23 de Septiembre de 2019
Amanece por última vez para nosotros en Kioto, ayer en el bucle infinito de Inari, fuimos presa de los mosquitos y las picaduras nos han dado la noche.
Dos líneas de metro y un tren bala con transbordo en Kobe, es lo que nos separa de nuestro próximo destino, Hiroshima.
El trayecto se nos complica un poco, por la falta de asientos en el tren de Kobe a Hiroshima y nos toca hacer buena parte del trayecto, sentados en el suelo de la unión entre vagones, existen documentos gráficos del momento, pero nuestra caras eran un poema y prefiero omitirlas.
Hiroshima fue mi gran descubrimiento en este viaje, tengo que confesar que yo no quería hacer parada en esta ciudad, no le veía ningún atractivo, creía que era una ciudad moderna, reconstruida desde cero, con una historia dura pero nada más, conocer Hiroshima era un deseo del señor Late Fuerte y para mi terminó siendo una gran sorpresa.
Hiroshima nos recibe con el dulce olor de los Momiji Manju, unos bizcochitos típicos de la ciudad, que pueden ir rellenos o no, cuyo olor da una cálida bienvenida a todos los viajeros que ponen un pié en la estación y no pudimos resistirnos a comprarlos.
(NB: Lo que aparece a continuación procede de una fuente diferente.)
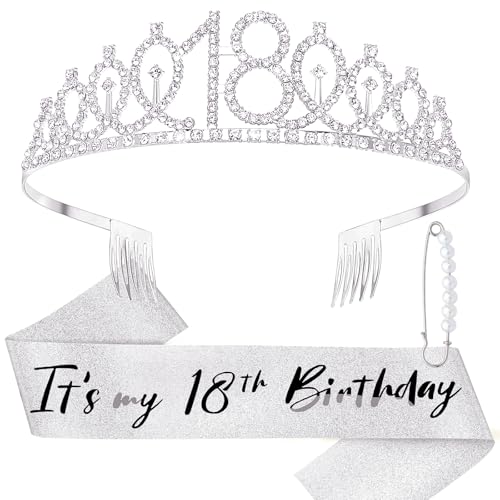 DRESHOW 18 Cumpleaños Corona y Fajín para Mujer 18 Cumpleaños Niña Fajín y Tiara Fiesta de...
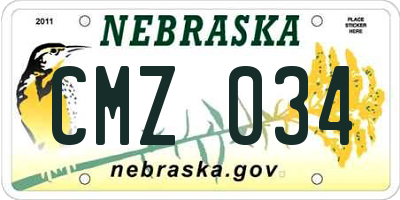NE license plate CMZ034
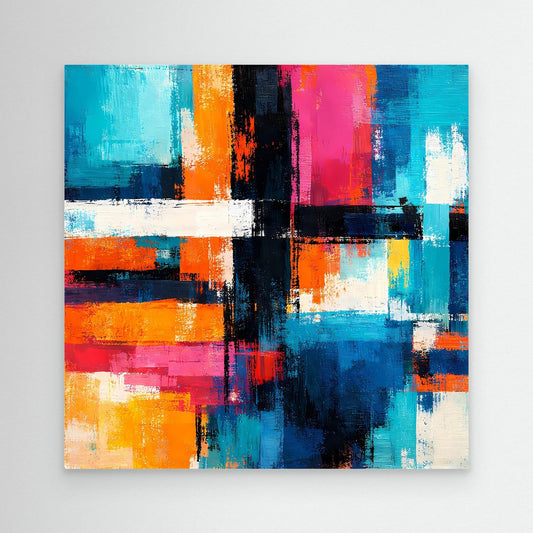 Abstract geometric canvas painting with colorful blocks and lines, unframed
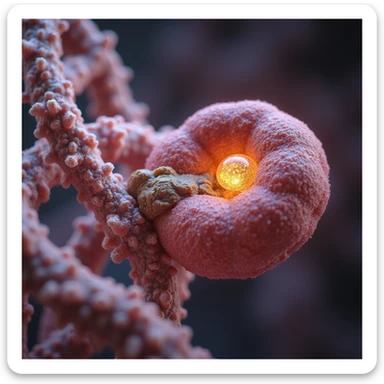 hyperrealistic and scientific 4K visualization of fatty acid transport process from cytoplasm to mitochondrion, highlighting carnitine and cellular structures sticker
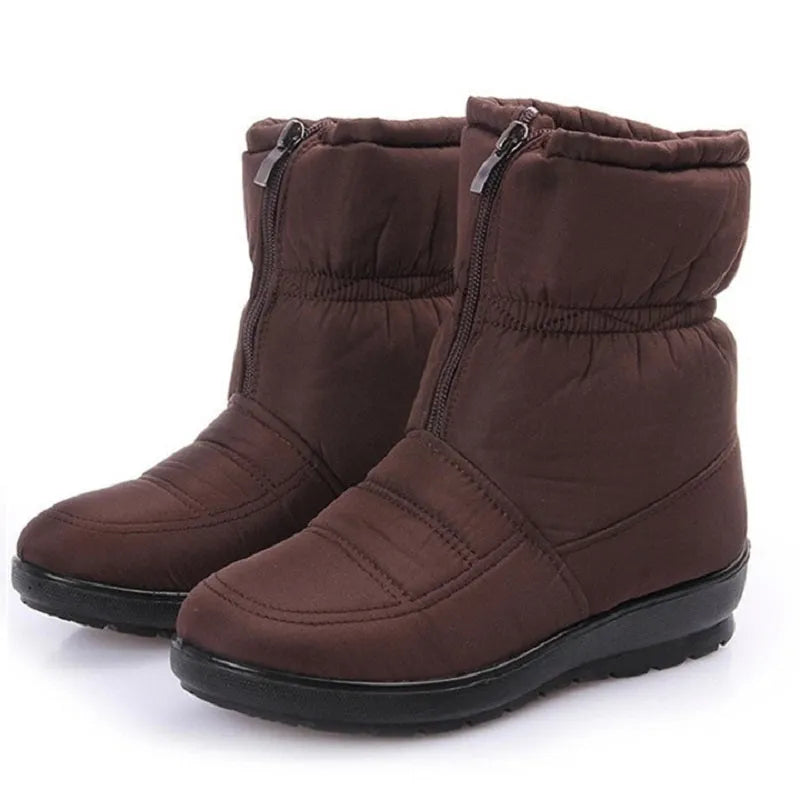Women's winter snow boots with cloth upper, 3cm heel, 16cm tube height, artificial thick hair lining, black brown red.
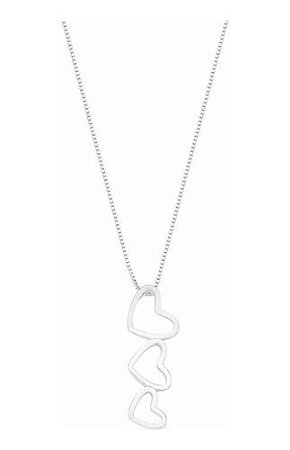 Corrente Com Pingente Três Corações Vazados Prata Lisa 45cm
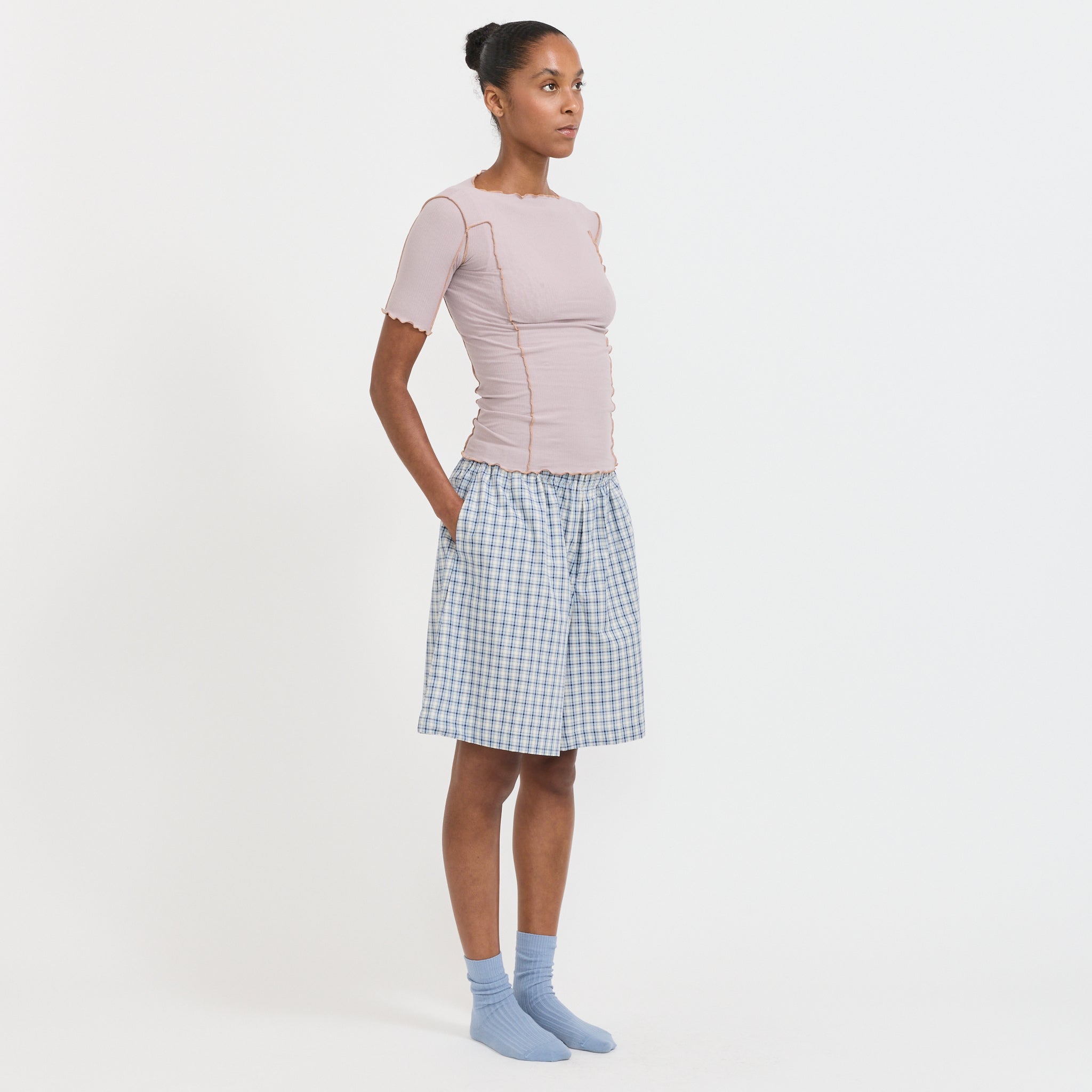 Claude Shorts Blue Check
Cogemos el tranvía hasta el hotel para dejar las maletas, nos hospedamos en Chisun Hotel Hiroshima, un hotel que nos cuesta unos 50 € la noche y que tiene una relación calidad-precio inmejorable, podéis verlo pinchando aquí.
Sin tiempo que perder, volvemos a coger el tranvía para llegar al embarcadero, en el que cogeremos el ferry a la isla de Miyajima.
Isla de Miyajima
Antes de saber que Hiroshima me iba a impactar tanto, la única razón por la que me apetecía visitarla, era por perdernos en la isla de Miyajima, situada en la bahía de Hiroshima.
Una pequeña isla, habitada por un puñado de lugareños y unos cuantos ciervos, densa en paz y vegetación, clara en polución y preocupaciones, esa isla que todos imaginamos para desaparecer una temporada.






Miyajima es famosa por su santuario Itsukushima, cuya puerta Torii, tiene la peculiaridad de que se encuentra en el mar, por desgracia para nosotros, el Torii más famoso de Japón, estaba en obras.

Y para comer, por fin probamos el Okonomiyaki, una tortilla típica de esta zona, que estaba deliciosa, no sabemos por qué, este plato no se conoce en occidente y aún no hemos encontrado ningún restaurante japonés que lo ofrezca, es una pena porque es brutal.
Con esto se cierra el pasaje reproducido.